Part 2  Youthful Indiscretions

- Chapter  33 -

Chapter 33:   The Dragon and the Fwooper

28th June 1980 to 2nd January 1981

Just as the summer seemed to be whispering to Severus of leisure time, there was an unexpected flurry of activity.  Igor Karkaroff was captured by Ministry Aurors, and then shortly afterwards so was Antonin Dolohov.

And a message arrived for Severus, carried by a bedraggled owl.  Was it a message or was it a shopping list?  It was a meaningless list of words:

draco

solus

sunset

sissy

special day

dinner

What did it mean?  Why wasn’t it signed?  Why was there not one sentence?  Was it someone’s idea of a joke dinner invitation?  Severus couldn’t quite believe it was, because everyone he knew that might ask him to dine would hardly write a cryptic note like this.  So it might be a trap.

Or it might be nonsense.

Or it might be a plea for a meeting from someone who feared to write more plainly.  Who did he know who might fear such a thing?

A few ideas flashed through his mind but he set them aside, preferring to believer that the note was designed to lead him into a trap.

He read the few words over again, rephrasing them, building them into sentences; “The dragon is alone at sunset…”  No, it was hopeless.

No, don’t give up, he said to himself.  Draco solus.  Draco might mean Draco Malfoy.  Has little Draco been left alone – was he in danger?  If so, what did dinner mean – was he going to be devoured by a monster at sunset on some particular day?  But the words draco solus together meant solitary dragon, so surely it pointed to the Lone Dragon Inn.  Were the Malfoys having a special dinner at the inn, in honour of Draco?

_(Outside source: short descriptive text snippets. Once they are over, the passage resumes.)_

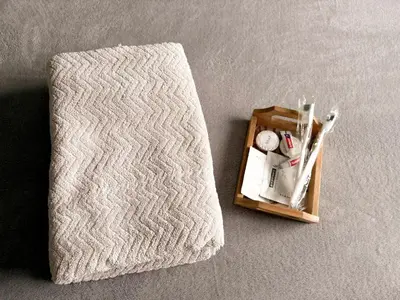 a towel and a box with a clock on the floor at BES Building in Dasmariñas
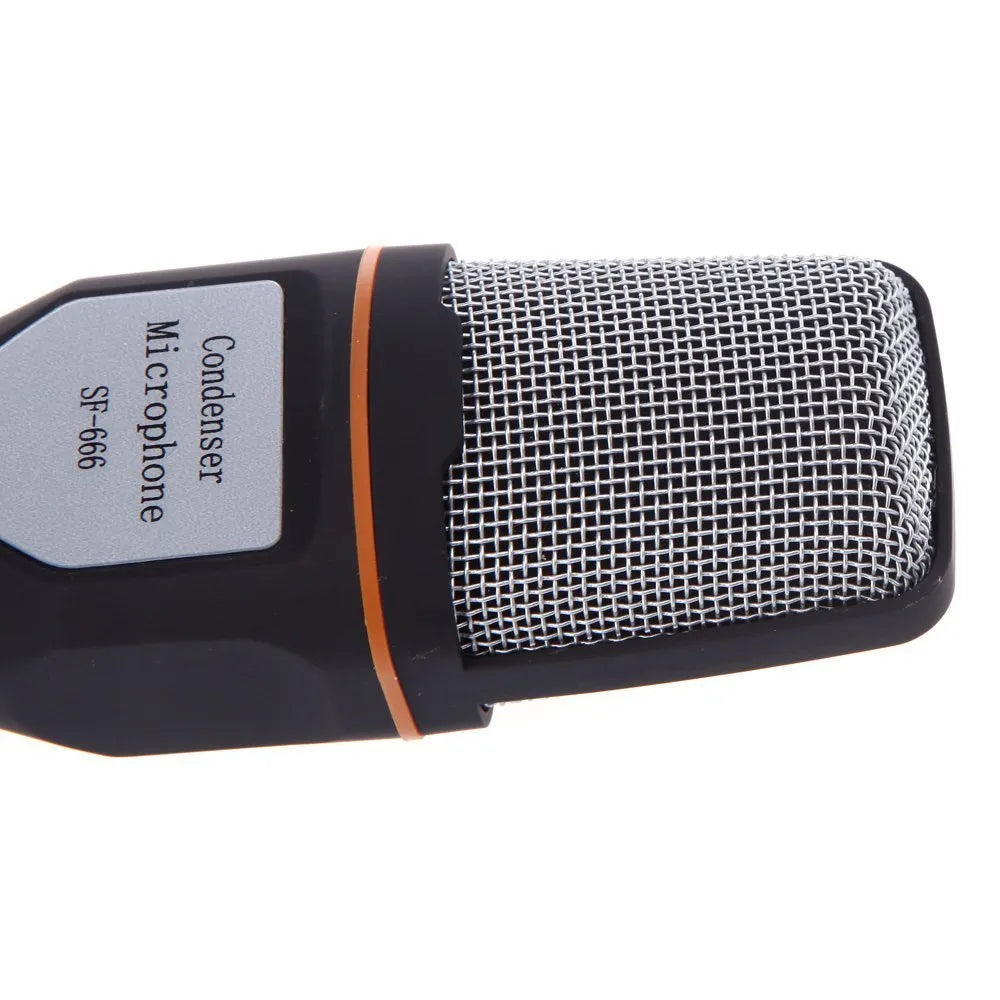 Black wired computer microphone with a detached metal clip holder on a white background.
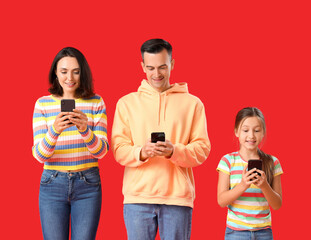 Poster - Happy family using mobile phones on red background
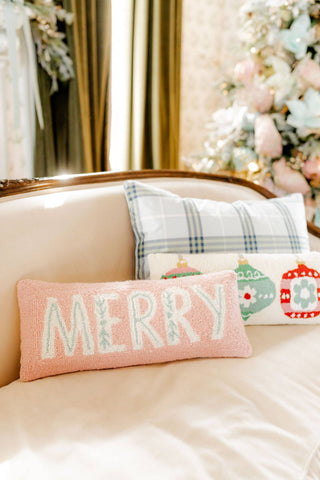 Decorative pillows on a couch with 'MERRY' text in a festive setting.  Whatsoever Things, Dallas, TX | Customized Decor, Apparel and Gifts for Women and Children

Sunset – did that signify death?  A waning.  The end of something?  More prosaically it was a time of day.  So perhaps he had discovered a place and a time of day in this riddle.  But which day?  Sissy special day – was that the day?  What could be sissy about a day?  Or does the day relate to a sissy person?  I don’t know anyone whose sissy, he mused.  I know someone who’s ‘Cissy’ – that’s what Narcissa Malfoy is sometimes called!  Special day were the only two words written together so they must belong together.  Was her special day the day that Draco was born?  Or might it be her wedding anniversary.  Well, that was the nearest date so why ignore it?  But if they want to invite me to dinner on the sixteenth of August why send a note like this?  Not their style at all.

Dinner.  What if that was the signature?  Daft idea, but then again it was the last word.  Suddenly a phrase of Regulus’s echoed in his mind – if Evan had to think of a secret password it would be ‘Quidditch’ or ‘Beater’ or ‘dinner’  They had been discussing passwords.  It was the day that he ran into Honor and Regulus lunching at the Leaky Cauldron, and Honor had told him about St Mungo’s … Could this note be from Evan?  He was in hiding, so yes it could be.  But if anyone wanted to lure him into a trap this was surely what they would do – fake a note from one of his friends.

Despite the risk Severus found himself approaching the Lone Dragon Inn at sunset on August 16th.  For a Saturday night the pub was not over-full, but it was miles from holiday areas and this was a fine day in the height of the holiday season, so perhaps that explained it.  The door stood open, faint blue pipe smoke drifting lazily through it.  He made his Animagus transformation, crept inside, found a good place to survey the main bar and looked around.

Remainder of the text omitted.